The rioxarray library will be our primary tool for working with raster data in this lesson. It builds upon the functionality of rasterio (a package for working with raster data) and xarray (for multi-dimensional arrays). rioxarray, simply put, extends xarray by adding higher-level functions, such as open_rasterio for reading raster datasets, and provides additional methods to xarray objects like Dataset and DataArray that specifically enable geospatial operations. These methods, available through the rio accessor, become accessible in xarray once rioxarray is imported.
For demonstration, we’ll focus on the first scene retrieved and load the nir09 band. This can be done by using the rioxarray.open_rasterio() function with the band asset’s Hypertext Reference (href, or URL).
raster_vanu_b9 = rioxarray.open_rasterio(s2_items[0].assets["nir09"].href)We can quickly inspect the shape and attributes of the newly opened nir09 dataset we titled raster_vanu_b9 by printing the variable name.
raster_vanu_b9The initial call to rioxarray.open_rasterio() retrieves the file from either local or remote storage, returning a xarray.DataArray. As noted, this object is assigned to a variable like raster_vanu_b9. While using xarray also returns a xarray.DataArray, it won’t include the geospatial metadata (such as scene geometry and projection). You can apply NumPy functions or Python’s math operators to a xarray.DataArray just as you would with a NumPy array, but without rioxarray you can’t make use of any geospatial information.
The output shows the variable name of the xarray.DataArray, and indicates that the data includes 1 band, 1830 rows, and 1830 columns. It also shows the total pixel count and the pixel data type, which is an unsigned integer (uint16).

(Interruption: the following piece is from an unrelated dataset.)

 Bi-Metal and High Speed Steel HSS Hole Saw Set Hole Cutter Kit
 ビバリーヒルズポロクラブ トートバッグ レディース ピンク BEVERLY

In addition, thanks to rioxarray, we can see that the DataArray has spatial coordinates (x and y) and band information, with each having its own data type—float64 for spatial coordinates and int64 for bands. Furthermore, rioxarray enables us to see other important geospatial attributes via methods like .rio.crs and .rio.bounds(). Note: most metadata can be accessed directly as attributes (e.g., .rio.crs), but some methods like .rio.bounds() require parentheses to retrieve the information.
print(raster_vanu_b9.rio.crs)
print(raster_vanu_b9.rio.nodata)
print(raster_vanu_b9.rio.bounds())
print(raster_vanu_b9.rio.width)
print(raster_vanu_b9.rio.height)
print(raster_vanu_b9.rio._manager.acquire().block_shapes)The Coordinate Reference System for raster_vanu_b9.rio.crs is returned to be EPSG:32759. The no-data value is set to 0, and the bounding box corners of our raster are returned by the output of .bounds(). The height and width in number of pixels are returned from .rio.height and .rio.width, respectively.
Visualizing raster data¶
We’ve reviewed the attributes of our raster. Now let’s see the raw values of the array with .values:
raster_vanu_b9.valuesPrinting this provides a quick glimpse of the values in our array (by way of showing pixels just on image corners). Since our raster is loaded in Python as a DataArray type, we can also plot it in a single line, similar to how we would with a pandas DataFrame, using DataArray.plot().
raster_vanu_b9.plot()Observe that rioxarray conveniently enables us to plot this raster with spatial coordinates on the x and y axes.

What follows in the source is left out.